このコードでは、元の文字列sの最初の文字を小文字のhから大文字のHに変更するために、一旦バイトスライスbに変換し、b[0]を変更した後、再びstringに変換しています。

Unicodeとマルチバイト文字の注意

GoのstringはUTF-8エンコーディングを使用しているため、マルチバイト文字(例えば日本語や中国語の文字)は複数のバイトで表現されます。
stringをbyteに変換すると、各文字がUTF-8エンコーディングに従ったバイト列に変換されます。
特にマルチバイト文字を処理する際には、UTF-8のバイト数に注意が必要です。
次の例では、マルチバイト文字を含む文字列を
byteに変換した場合の動作を示します:

package main

import (
  "fmt"
)

func main() {
  s := "こんにちは"
  b := []byte(s)
  fmt.Println(b) // UTF-8エンコードされたバイトスライスが表示されます
}

このコードは、各文字がUTF-8でエンコードされたバイト列を表示します。
出力は[227 129 147 227 130 147 227 129 171 227 130 147 227 129 161]のようになります。

bytesパッケージの利用

[]byteを操作する際には、Goの標準ライブラリであるbytesパッケージを利用することが便利です。
bytesパッケージには、バイトスライスに対するさまざまな関数が用意されており、文字列の操作と同様の操作ができます。
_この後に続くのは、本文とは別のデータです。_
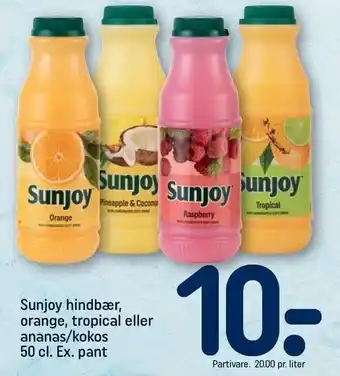REMA 1000 Sunjoy hindbær, orange, tropical eller ananas/kokos 50 cl. tilbud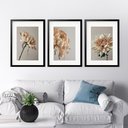 Ver imagem 1 de Kit 3 Quadros Grandes Flores Beges - 60x48cm:moldura Branca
例えば、bytes.Contains関数を使用して、バイトスライスに特定のサブスライスが含まれているかを確認することができます:

package main

import (
  "bytes"
  "fmt"
)

func main() {
  b := []byte("Hello, World!")
  fmt.Println(bytes.Contains(b, []byte("World"))) // trueと出力
}

このように、bytesパッケージを使用することで、[]byteに対する操作が簡単になります。

まとめ

Go言語でbyteとstringを相互に変換する方法は非常に簡単です。
[]byteとstringの型変換を使うことで、バイトレベルでの操作と文字列レベルでの操作をスムーズに行えます。
ただし、stringがイミュータブルである点や、マルチバイト文字を扱う際のUTF-8エンコーディングの注意点を理解しておくことが重要です。
また、bytesパッケージを使用することで、バイトスライスの操作をより効率的に行うことができます。